Cost estimates for a new tourism studies campus at Smart City in Kalkara have soared by a whopping 34 per cent in just over a year.

The price tag for the project now stands at €75 million, according to Tourism Minister Edward Zammit Lewis.

The relocation of the Institute for Tourism Studies from St George’s Bay was first announced by the government in October 2015, when Finance Minister Edward Scicluna said the new campus would cost €56 million.

The new cost projections were communicated by Dr Zammit Lewis last month in reply to a parliamentary question by Nationalist MP Claudio Grech.

When asked to justify the significant jump in cost, a spokeswoman for the Tourism Minister yesterday said that the “project intent and scope have been developed further” since the announcement in the Budget for 2016.

The ministry noted that the project was being handled by Projects Malta, a government agency responsible for public-private partnerships. The agency falls within Minister Without Portfolio Konrad Mizzi’s remit at the Office of the Prime Minister.

“Projects Malta has developed detailed cost estimates for the construction of the new campus, which includes a new faculty, practice facilities, a high-end teaching hotel with 280 beds, dormitories for students, office space and all supporting infrastructure,” the ministry spokeswoman said.
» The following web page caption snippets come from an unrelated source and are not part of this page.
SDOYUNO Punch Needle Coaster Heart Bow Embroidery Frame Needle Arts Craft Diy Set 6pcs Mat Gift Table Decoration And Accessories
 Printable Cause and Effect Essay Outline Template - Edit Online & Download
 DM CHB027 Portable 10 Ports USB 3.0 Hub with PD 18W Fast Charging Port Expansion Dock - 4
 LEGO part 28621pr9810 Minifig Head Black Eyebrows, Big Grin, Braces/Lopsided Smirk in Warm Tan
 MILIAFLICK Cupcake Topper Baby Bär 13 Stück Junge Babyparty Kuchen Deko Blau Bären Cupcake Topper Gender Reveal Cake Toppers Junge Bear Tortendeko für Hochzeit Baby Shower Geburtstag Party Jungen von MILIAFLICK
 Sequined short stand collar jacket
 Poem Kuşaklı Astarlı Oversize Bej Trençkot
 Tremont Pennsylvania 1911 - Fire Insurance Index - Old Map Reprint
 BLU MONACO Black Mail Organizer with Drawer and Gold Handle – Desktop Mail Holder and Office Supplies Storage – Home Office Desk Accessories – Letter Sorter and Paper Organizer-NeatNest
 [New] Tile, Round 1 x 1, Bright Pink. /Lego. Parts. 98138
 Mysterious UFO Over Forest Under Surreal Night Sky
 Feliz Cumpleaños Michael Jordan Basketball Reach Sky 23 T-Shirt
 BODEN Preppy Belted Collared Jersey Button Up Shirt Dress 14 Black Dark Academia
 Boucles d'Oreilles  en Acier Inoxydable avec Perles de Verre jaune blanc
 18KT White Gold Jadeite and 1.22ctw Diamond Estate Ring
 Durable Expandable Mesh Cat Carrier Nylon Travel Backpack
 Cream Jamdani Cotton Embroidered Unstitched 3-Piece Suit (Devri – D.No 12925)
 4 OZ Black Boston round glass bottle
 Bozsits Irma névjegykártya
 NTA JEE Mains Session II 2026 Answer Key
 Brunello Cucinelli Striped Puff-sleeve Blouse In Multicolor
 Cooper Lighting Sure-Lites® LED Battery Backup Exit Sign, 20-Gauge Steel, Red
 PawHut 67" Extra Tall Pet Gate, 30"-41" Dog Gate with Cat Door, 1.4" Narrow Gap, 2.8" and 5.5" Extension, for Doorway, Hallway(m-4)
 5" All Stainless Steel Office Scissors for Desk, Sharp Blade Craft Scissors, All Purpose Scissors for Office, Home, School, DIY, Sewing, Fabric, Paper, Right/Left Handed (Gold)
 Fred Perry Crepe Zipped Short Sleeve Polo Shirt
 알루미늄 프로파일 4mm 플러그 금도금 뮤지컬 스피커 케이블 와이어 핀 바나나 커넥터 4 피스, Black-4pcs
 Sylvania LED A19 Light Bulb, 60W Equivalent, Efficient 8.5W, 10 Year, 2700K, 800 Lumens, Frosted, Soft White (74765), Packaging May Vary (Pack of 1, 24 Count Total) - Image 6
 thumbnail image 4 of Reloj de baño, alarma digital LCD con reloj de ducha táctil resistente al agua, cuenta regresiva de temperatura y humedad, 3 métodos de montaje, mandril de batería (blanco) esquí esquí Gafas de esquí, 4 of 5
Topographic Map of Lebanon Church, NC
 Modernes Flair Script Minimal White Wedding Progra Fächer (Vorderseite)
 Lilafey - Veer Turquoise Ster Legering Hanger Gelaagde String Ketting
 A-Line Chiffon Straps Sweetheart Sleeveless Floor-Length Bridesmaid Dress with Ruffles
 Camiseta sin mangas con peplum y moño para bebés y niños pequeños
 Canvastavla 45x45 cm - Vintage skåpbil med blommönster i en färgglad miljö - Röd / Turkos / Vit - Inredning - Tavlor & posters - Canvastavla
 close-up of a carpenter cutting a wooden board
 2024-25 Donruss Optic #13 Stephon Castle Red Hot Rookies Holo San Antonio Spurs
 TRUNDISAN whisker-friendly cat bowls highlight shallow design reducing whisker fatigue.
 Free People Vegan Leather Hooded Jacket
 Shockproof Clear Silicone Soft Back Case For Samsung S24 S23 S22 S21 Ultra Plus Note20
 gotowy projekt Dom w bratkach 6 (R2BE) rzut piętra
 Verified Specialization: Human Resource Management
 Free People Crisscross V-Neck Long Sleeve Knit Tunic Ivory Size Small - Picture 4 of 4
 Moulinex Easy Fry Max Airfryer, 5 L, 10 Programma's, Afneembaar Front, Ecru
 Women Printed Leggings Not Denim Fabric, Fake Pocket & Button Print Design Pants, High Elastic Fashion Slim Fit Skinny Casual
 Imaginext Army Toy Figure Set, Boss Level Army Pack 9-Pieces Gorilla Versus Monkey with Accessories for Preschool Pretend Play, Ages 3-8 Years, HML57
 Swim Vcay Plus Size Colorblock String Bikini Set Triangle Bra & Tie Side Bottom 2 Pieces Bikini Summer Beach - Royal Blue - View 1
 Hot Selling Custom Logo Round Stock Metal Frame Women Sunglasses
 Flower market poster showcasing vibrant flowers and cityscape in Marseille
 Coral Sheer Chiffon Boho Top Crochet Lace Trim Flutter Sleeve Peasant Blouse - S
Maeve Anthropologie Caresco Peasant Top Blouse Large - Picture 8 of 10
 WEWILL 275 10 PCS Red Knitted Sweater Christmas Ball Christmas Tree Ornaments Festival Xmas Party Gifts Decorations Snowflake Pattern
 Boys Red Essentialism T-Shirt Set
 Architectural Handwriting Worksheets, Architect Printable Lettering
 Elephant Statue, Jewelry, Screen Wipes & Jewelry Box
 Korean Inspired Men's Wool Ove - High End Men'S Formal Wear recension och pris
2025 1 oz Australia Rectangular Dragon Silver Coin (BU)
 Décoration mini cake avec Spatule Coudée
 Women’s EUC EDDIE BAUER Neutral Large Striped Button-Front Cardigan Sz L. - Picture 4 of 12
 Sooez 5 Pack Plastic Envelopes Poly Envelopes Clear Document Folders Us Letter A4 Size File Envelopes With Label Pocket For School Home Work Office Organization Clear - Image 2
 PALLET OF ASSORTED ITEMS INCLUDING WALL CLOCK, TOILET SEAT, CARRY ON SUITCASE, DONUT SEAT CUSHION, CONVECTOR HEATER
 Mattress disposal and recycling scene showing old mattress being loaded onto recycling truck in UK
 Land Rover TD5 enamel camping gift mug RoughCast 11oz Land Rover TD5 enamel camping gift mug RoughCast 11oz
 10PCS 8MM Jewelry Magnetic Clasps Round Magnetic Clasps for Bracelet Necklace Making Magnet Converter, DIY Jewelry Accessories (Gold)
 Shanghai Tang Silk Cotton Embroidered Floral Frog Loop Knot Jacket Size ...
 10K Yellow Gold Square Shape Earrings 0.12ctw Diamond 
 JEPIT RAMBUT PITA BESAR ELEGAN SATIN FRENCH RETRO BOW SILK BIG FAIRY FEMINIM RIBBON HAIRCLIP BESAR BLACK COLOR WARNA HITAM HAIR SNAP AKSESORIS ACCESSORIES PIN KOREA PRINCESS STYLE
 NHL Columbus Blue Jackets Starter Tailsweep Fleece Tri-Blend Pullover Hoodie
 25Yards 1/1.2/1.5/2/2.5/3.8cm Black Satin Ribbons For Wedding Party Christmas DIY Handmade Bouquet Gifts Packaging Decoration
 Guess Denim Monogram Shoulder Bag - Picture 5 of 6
The ITS relocation became necessary when the government decided to dispose of the land in St George’s Bay that houses the existing school. The ministry said funding for the new Smart City campus was totally independent of the sale of the ITS site in St George’s Bay.

The new building is expected to be bigger with the planning application making reference to a school hosting 2,500 students, up from the current 800.

According to the planning application, the proposed Smart City campus will also include a 14-storey hotel with 135 rooms, a spa and rooftop pool, government offices and underground parking. It will be built over an undeveloped area of 11,000 square metres within the Smart City precincts.

The proposed hotel would be the first to go up at Smart City, which currently houses offices and restaurants.

The Tourism Ministry is insisting that the investment in the new campus will strengthen the institute’s commitment to providing “the tourism industry with a well-prepared, professionally educated and highly trained workforce”.

It is expected the new campus will be operational in 2019.

The ministry was forced to defend the move last year after some students complained that the new school would be removed from the tourism hub in St Julian’s, where most of them found job placements while studying.

The existing ITS site will eventually be transformed into a hotel and leisure complex and luxury apartments.

The Seabank Group was the only bidder for the St George’s Bay site, and the company is currently negotiating the land transfer with the government.

The company, which wants to develop a Hard Rock hotel, commercial outlets and two residential towers, is obliged to pay a one-off upfront payment and an annual ground rent.

Both of the figures are still subject to negotiation.

The government had commissioned Deloitte, an audit firm, to carry out a valuation of the ITS site after The Sunday Times of Malta, last June, reported industry concerns that the public land was going to be sold off on the cheap.

The ITS site is one of nine locations in Paceville around which the Paceville master plan was made.